>>>

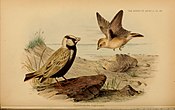 The birds of Africa (10575353925).jpg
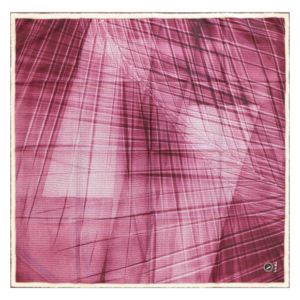 ⁦מטפחת משי דגם WOOD⁩ – תמונה ⁦6⁩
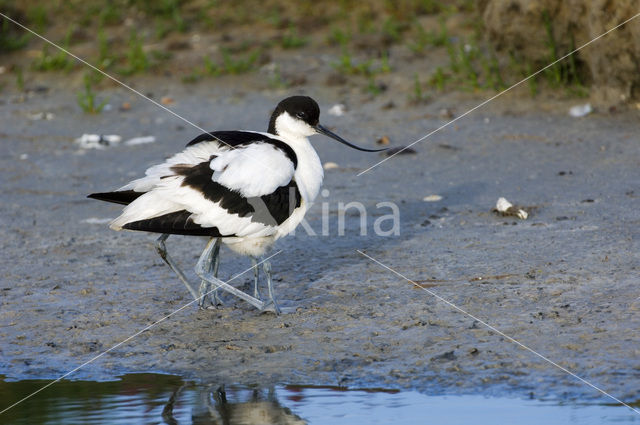 Pied Avocet (Recurvirostra avosetta)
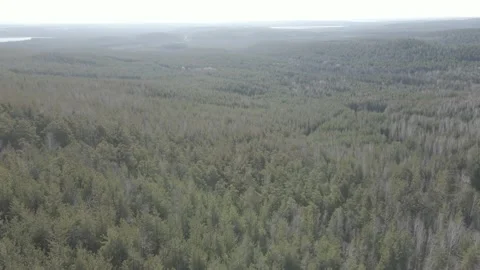 Spring forest aerial Stock Footage 239449785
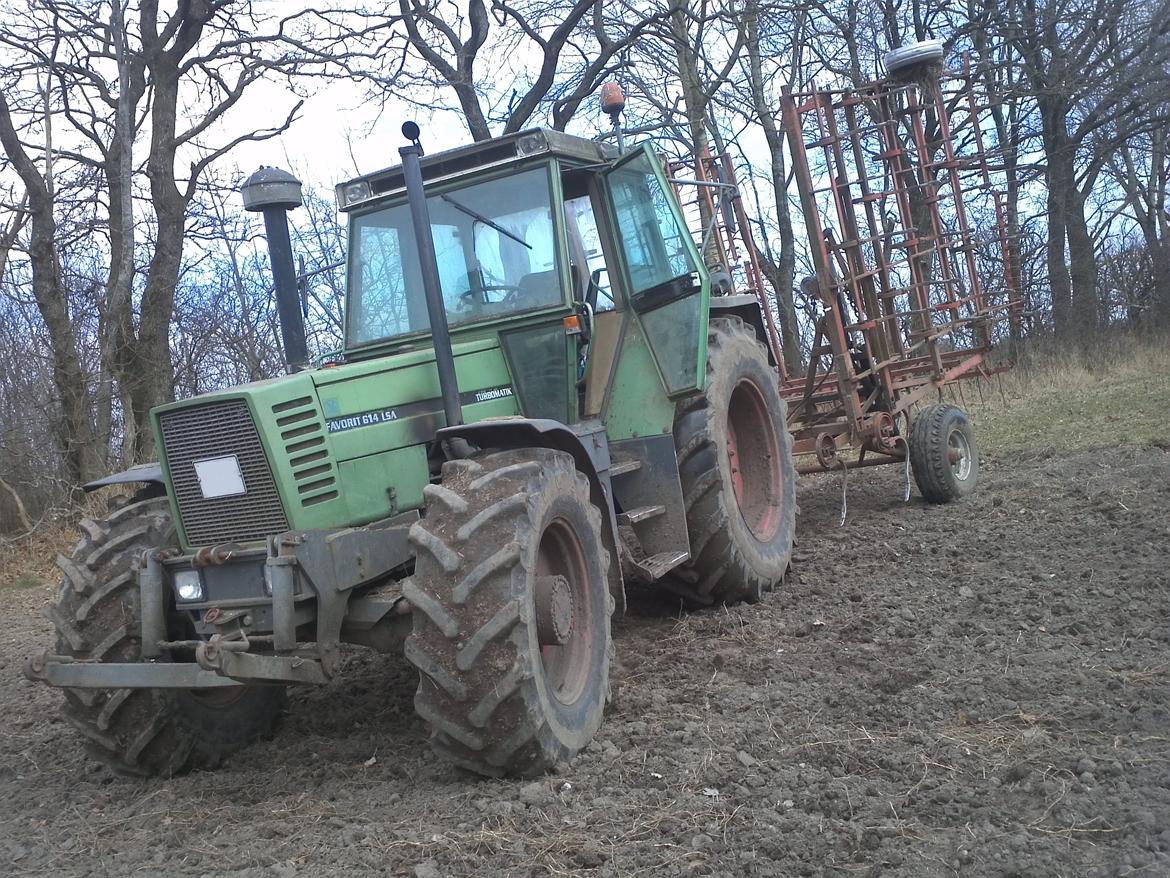 Fendt 614 LSA - Ankomst til marken efter middag.  billede 2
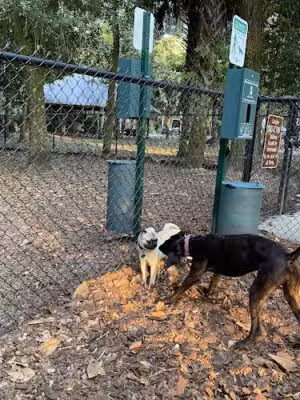 Seemor Memorial Park (Dog Park) - Port Orange, FL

<<<

Quote every line of the records above exactly; no picture is to be copied.

- _Final answer_:
 The birds of Africa (10575353925).jpg
 ⁦מטפחת משי דגם WOOD⁩ – תמונה ⁦6⁩
 Pied Avocet (Recurvirostra avosetta)
 Spring forest aerial Stock Footage 239449785
 Fendt 614 LSA - Ankomst til marken efter middag.  billede 2
 Seemor Memorial Park (Dog Park) - Port Orange, FL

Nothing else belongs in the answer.